Kiepska obserwacja otoczenia, zła trajektoria, panika, fiksacja…
Nie do końca wiemy, kim jest kierownik tej Hondy i nie do końca znamy jego doświadczenie motocyklowe. Jednak wnioskując po jego jeździe na tym klipie, albo jest amatorem, albo ktoś go właśnie obudził po długiej imprezie poprzedniego dnia.

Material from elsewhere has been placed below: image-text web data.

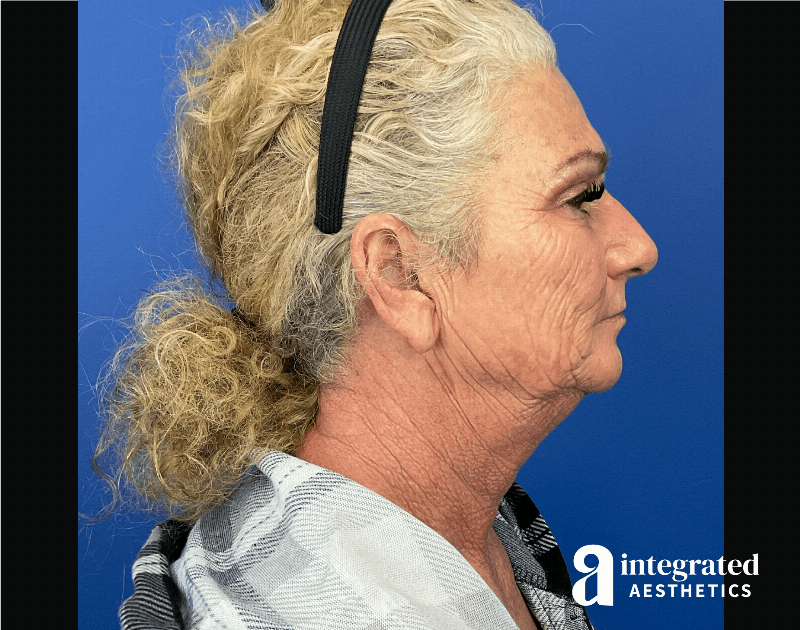 Facelift & Neck Lift Before & After Gallery - Patient 341686 - Image 7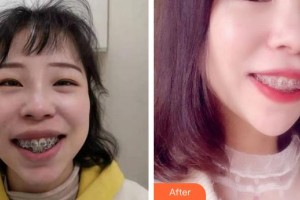 福州維樂(lè)口腔門(mén)診部陳獻(xiàn)禮整形價(jià)格表附牙綜合案例展示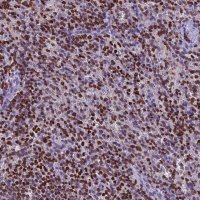 Anti-AKAP17A antibody produced in rabbit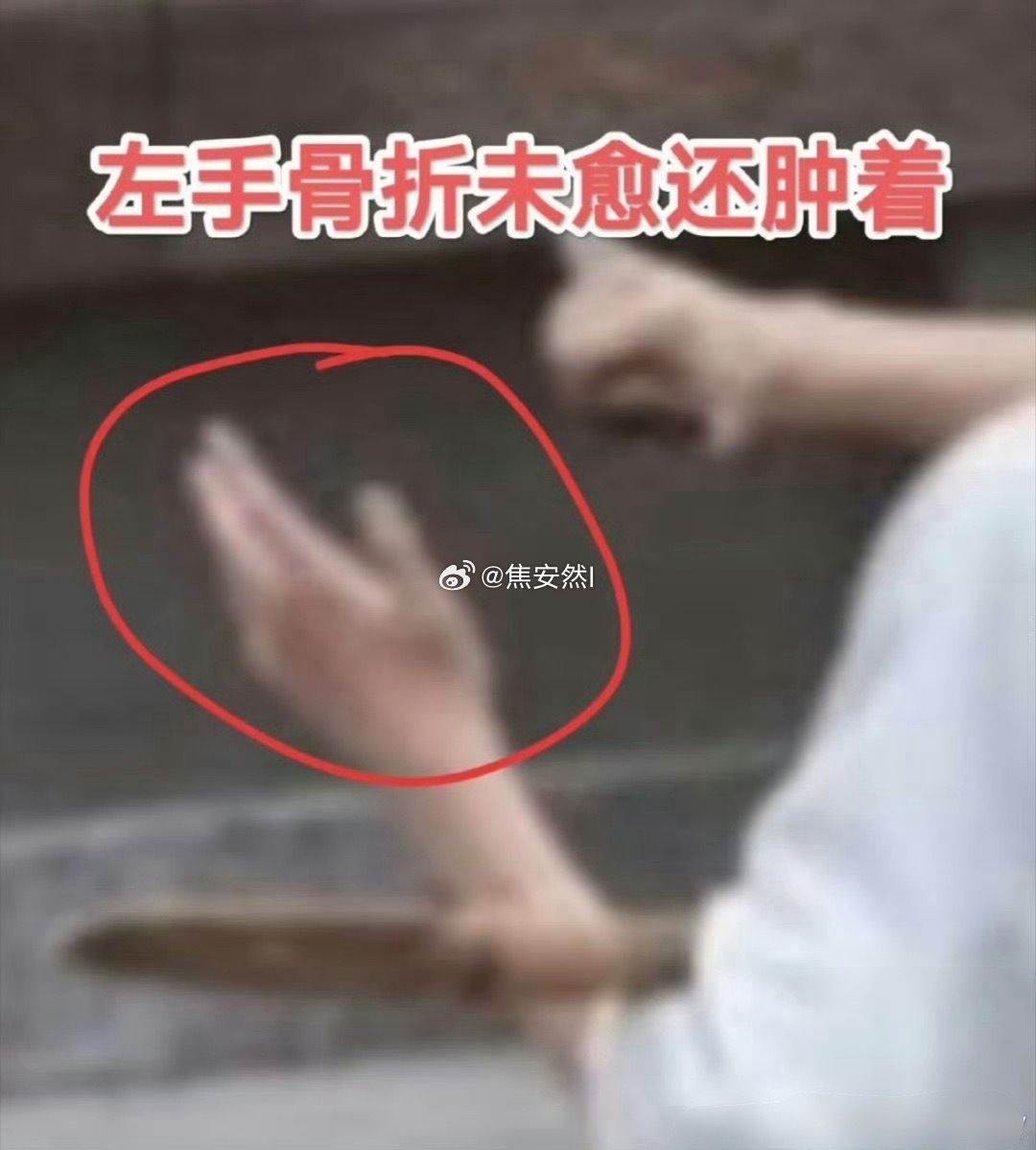 虽然拍戏受伤在所难免，可是杨洋左手受伤还没好又把他右手给整受伤了这就有些离谱了…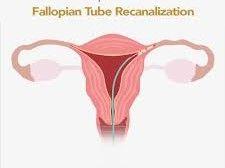 Fallopian Tube Recanalization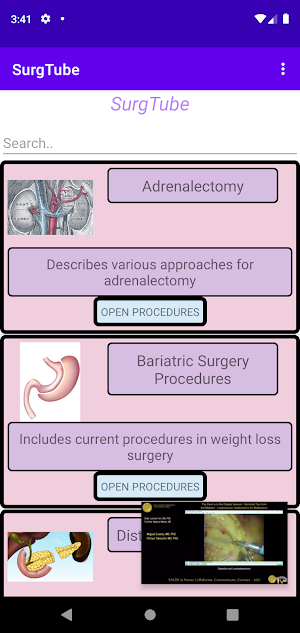 SurgTube Screenshot 0
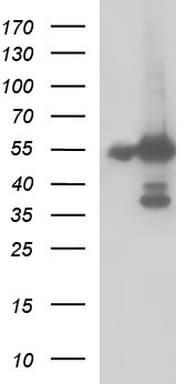 FGG / Fibrinogen Gamma Antibody (clone OTI2D2)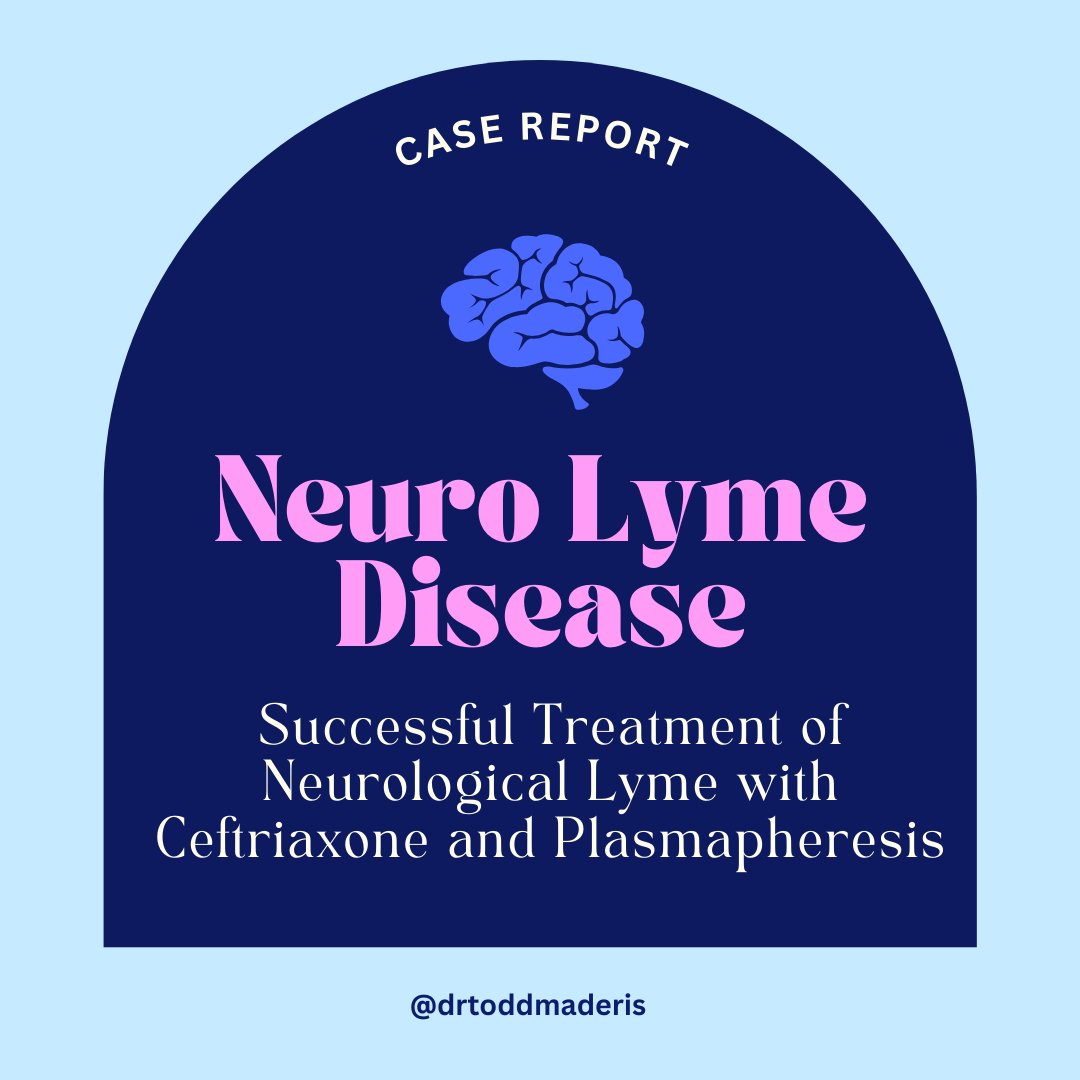 [CASE REPORT] Successful Treatment of Neurological Lyme with Ceftriaxone and Plasmapheresis A 4-year-old boy presented to the emergency department with abdominal pain and symmetrical ascending progression of muscle weakness causing respiratory failure. He was diagnosed with…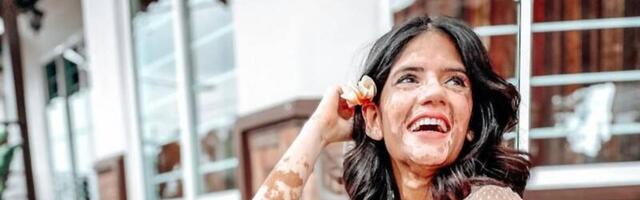 Sonja od osme godine ima vitiligo i zbog njega loše detinjstvo: Teško sam naučila da volim sebe i da se izborim sa nadimkom dalmatinca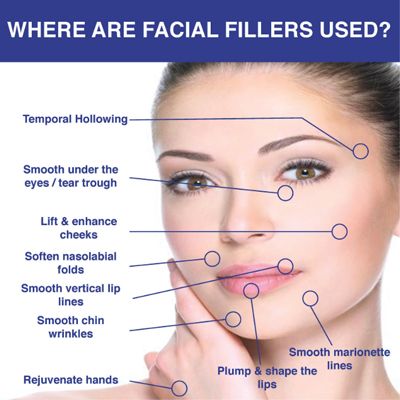 NYC Facial Fillers Dermal Injections | New York Lip Fillers | UES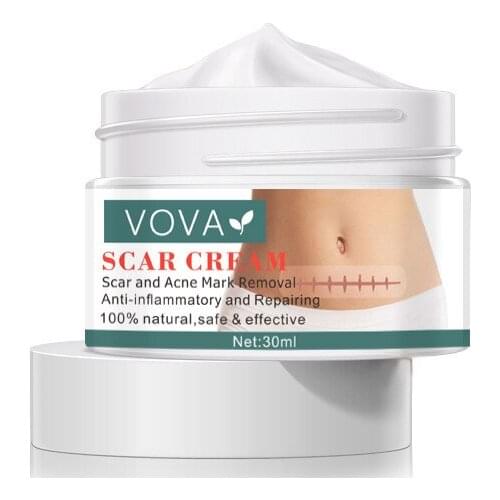 Acne Scar Removal Cream Pimples Stretch Marks Face Cream Remove Acne Smoothing Whitening Moisturizing Body Skin Care 30g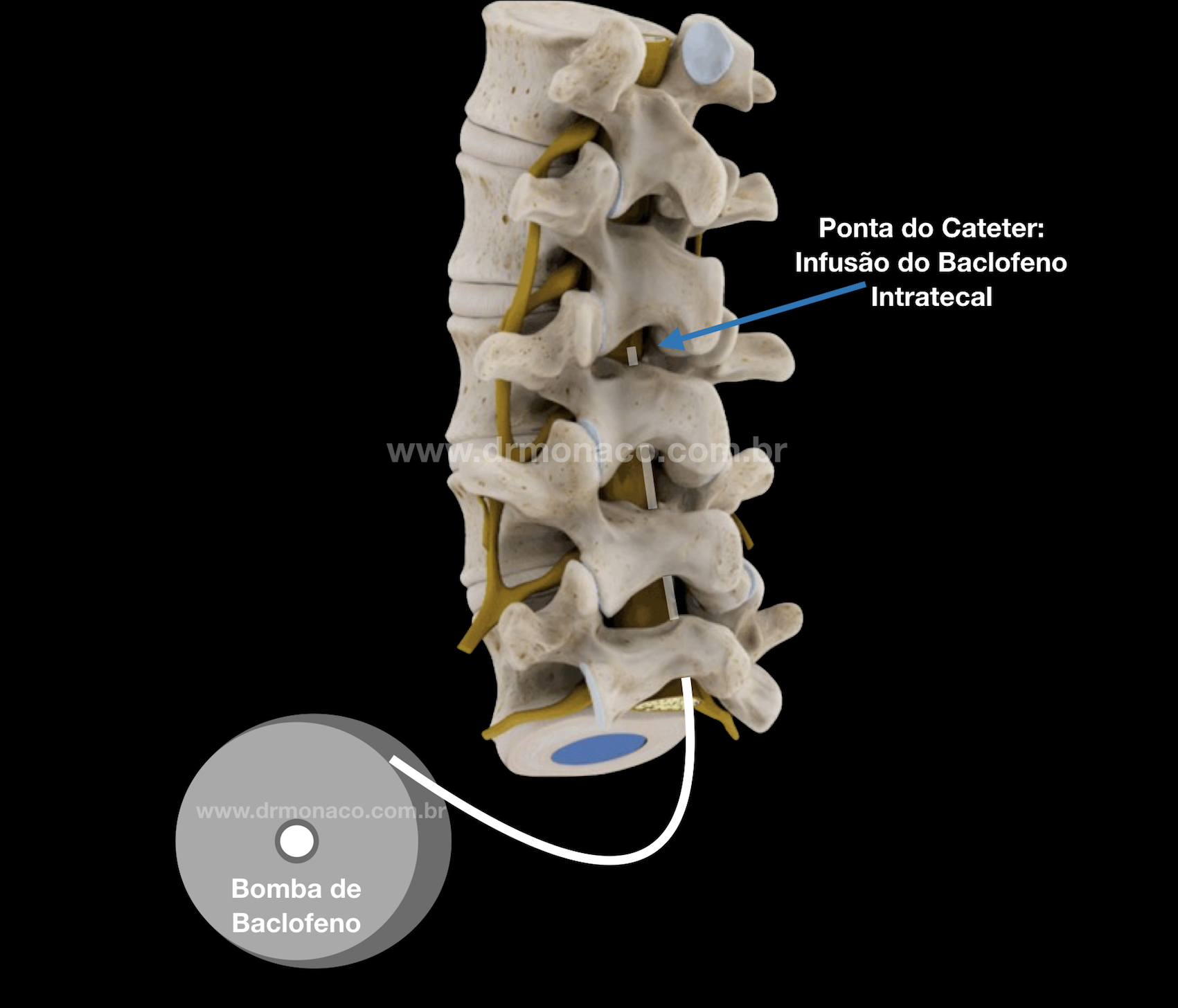 Baclofen comprar online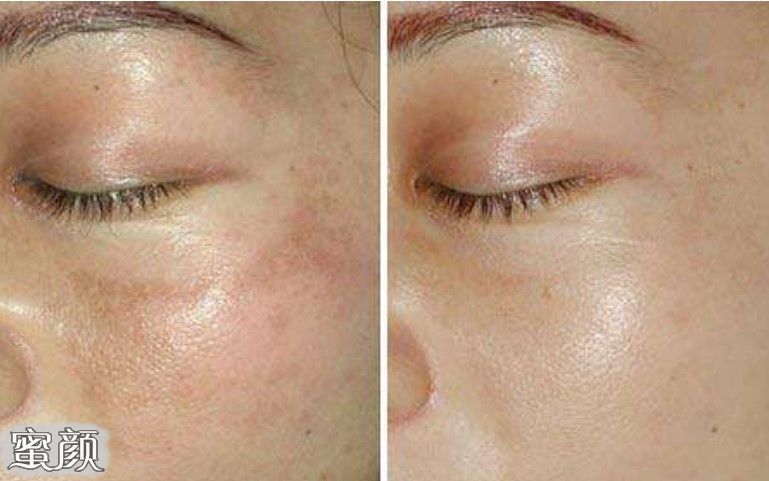 用激光祛斑效果怎么樣？全面解析激光祛斑的優(yōu)缺點(diǎn)，激光祛斑效果全面解析，優(yōu)缺點(diǎn)一覽無遺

Przez pierwszą część filmu wszyscy jadą powoli i spokojnie, rozumiemy. Później koledzy odjeżdżają, a nasz bohater jakby nie może się rozpędzić – mimo długiego łuku z dobrą widocznością, on zwalnia. Coś tu nie gra. I wtedy zaczyna się feralny zakręt z masą błędów (od 2:05 na klipie). Winkiel jest ślepy, koledzy mocno zwolnili, ale kierownik na CeBRze nie hamuje zbyt mocno, jakby tego wszystkiego nie zauważył. Do zakrętu nadjeżdża od zewnętrznej, ale składa się zdecydowanie zbyt wcześnie – przez to mocno zbliża się do wewnętrznej, a na poboczu są spore skały i z tego powodu jeszcze bardziej ogranicza sobie widoczność. Gdy mija głazy, nagle jego oczom ukazuje się ostry winkiel. Wtedy do akcji wkracza panika – zamiast spróbować dokręcić zakręt, nasz bohater hamuje, prostuje motocykl i wjeżdża prosto w barierkę. To kończy się lotem przez kielnię i lądowaniem na poboczu. Szkoda, ale „jak się nie przewrócisz…”.